Svevo abbandona l'impiego in banca e inizia a lavorare nella ditta dei suoceri.Per lui fu un salto di classe
sociale, egli si trovò nel mondo dell’alta borghesia, e da intellettuale si trasformò in dirigente
d’industria. Viaggiò molto in Francia e in Inghilterra.
Nel 1898 pubblica il suo secondo romanzo “Senilità”. Ma a seguito dell’insuccesso del romanzo decise
di lasciare l’attività letteraria. In realtà Svevo non prese mai seriamente l’idea di abbandonare la
scrittura. Infatti vi furono due incontri che lo portarono a cambiare idea: quello con James Joyce e
quella con la psicoanalisi. Nel periodo in cui Joyce insegnava a Trieste, Svevo prese lezioni di inglese da
lui e fra i due nacque una grande amicizia. Joyce sottopose a Svevo le sue poesie e i suoi racconti e
Svevo fece leggere a Joyce i due romanzi pubblicati. L’altro evento fu l’incontro con la psicoanalisi che
avvenne verso il 1910: il cognato aveva sostenuto una terapia a Vienna con Freud e così Svevo ebbe
l’opportunità di entrare in contatto con le teorie psicoanalitiche. L’occasione definitiva che lo fece
ricominciare a scrivere avvenne quando scoppiò la Prima Guerra Mondiale, poiché la fabbrica dei
suoceri venne requisita per ordine delle autorità austriache, così Svevo riprese l'attività letteraria.
Nel 1919 iniziò a scrivere il suo terzo romanzo “La coscienza di Zeno” ma quando venne pubblicato nel
1923 l’opera non riscontrò alcun successo. Così svevo decise di spedire a Parigi all’amico Joyce il
romanzo il quale lo fece leggere agli intellettuali francesi del tempo. Svevo ottenne una grande fama in
Francia e in Europa.
Nel 1928 Svevo muore in seguito ad un incidente d'auto vicino Treviso.

La cultura di Svevo
Nell’opera di Svevo si scorgono i riflessi di una vasta cultura filosofica, scientifica e letteraria:
• Ambito filosofico e scientifico:
◦ Schopenhauer → affermava un pessimismo radicale, indicando come unica via di salvezza
dal dolore la rinuncia alla volontà di vivere
◦ Nietzsche → sosteneva l’idea del soggetto come una pluralità di stati in fluido divenire
◦ Darwin → riteneva che il comportamento umano fosse il prodotto di leggi naturali
◦ Marx → sosteneva che il comportamento umano è influenzato dai rapporti sociali
◦ Freud e la psicoanalisi → non apprezzò la psicoanalisi come terapia, che permette di
guarire il malato di nevrosi, ma come strumento per poter indagare la realtà psichica.
• Ambito letterario:
◦ grandi romanzieri realisti francesi dell’Ottocento, Balzac, Stendhal e Flaubert: infatti il
Bovarismo è un aspetto che caratterizza gli eroi dei suoi primi due romanzi
◦ naturalisti francesi, soprattutto da Zola e si può notare nel primo romanzo
◦ romanzieri russi → Turgheniev e Dostoievskij
◦ umoristi inglesi fra i quali Dickens.

Struttura dei romanzi


Svevo nel romanzo presenta per la prima volta la figura centrale dei suoi romanzi. L’inetto è una
persona incapace di agire e di vivere con gli altri, che sfugge alla realtà perché non la sa affrontare, è
inadatto alla vita, non riesce a raggiungere i propri obiettivi ed è paralizzato nel momento della scelta. È
un uomo che non è completo, è un abbozzo.

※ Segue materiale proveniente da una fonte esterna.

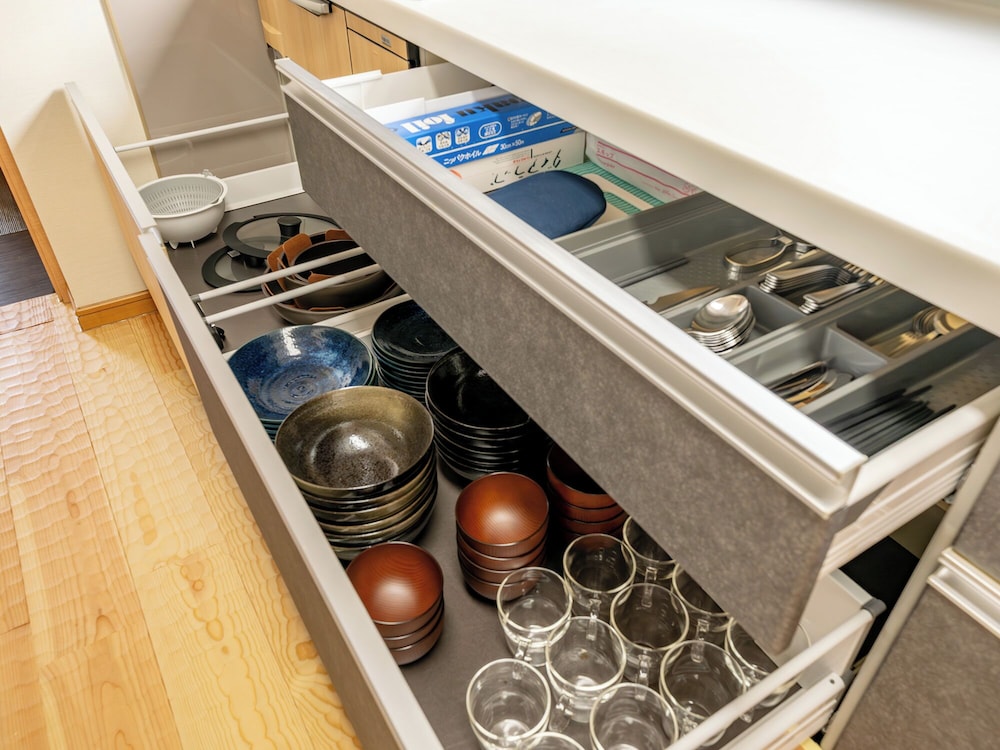 ハウス ガーデンビュー 専用キッチン1 | 飛騨まちやど 石庭の宿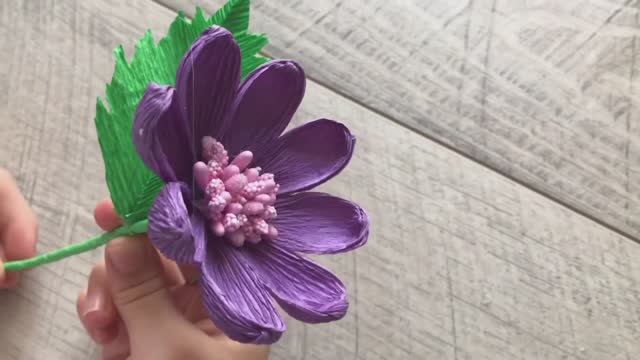 Удивительные Цветы из Гофрированной Бумаги! Подарки своими руками!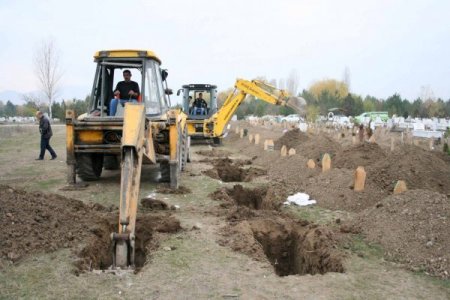 Erzincan Belediyesi, mezarlıklarda kış hazırlıklarını sürdürüyor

All’inetto si contrappone una persona contraria che diventa l'antagonista, cioè un individuo che ha
tutte le caratteristiche positive per affermarsi e per ottenere l'oggetto del desiderio del protagonista.

Le figure femminili vengono idealizzate dal protagonista e rappresentano l'oggetto del desiderio
irraggiungibile. Il protagonista vede nella donna la figura della madre, sorella, amante.

Una vita
Una vita è il primo romanzo di Italo Svevo e venne pubblicato nel 1892. Il titolo inizialmente era “Un
inetto”, ma era stato rifiutato dall’editore, così Svevo scelse come titolo “Una Vita”. Con il titolo
precedente l’autore voleva evidenziare la natura del protagonista e il suo pessimismo. Si tratta della
storia di un giovane, Alfonso Nitti, che abbandona la madre e il paese per andare a lavorare a Trieste
presso la Banca Maller. Un giorno viene invitato a casa del banchiere insieme alla figlia di Maller,
Annetta, con la quale successivamente inizia una relazione amorosa.
Inoltre fa amicizia con Macario, un giovane ambizioso e sicuro di sé. Quando Alfonso è sul punto di
sposare Annetta, improvvisamente ritorna nel suo paese, in una sorta di fuga dalla sua nuova vita per
dedicarsi nuovamente all'aspirazione interiore e per assistere la madre malata, che muore poco dopo.
Al suo ritorno però le cose sono cambiate: Annetta sta per sposarsi con Macario, al protagonista viene
affidata una mansione meno importante in un altro ufficio e i suoi tentativi di riottenere il favore della
famiglia Maller falliscono. Alfonso ormai si sente odiato e perseguitato dai Maller, che pensano che
questo voglia ricattarli. Il protagonista chiede ad Annetta di poterla incontrare per chiarire la situazione,
ma all'appuntamento si presenta il fratello, che sfida l'uomo a duello. Alfonso, vittima della sua
inettitudine e credendo che Annetta desideri la sua morte, si suicida.
La notizia del suo decesso viene affidata dall’autore a una fredda, impersonale e ipocrita lettera dei
Maller, in cui viene dichiarata sconosciuta la ragione del gesto dell’impiegato.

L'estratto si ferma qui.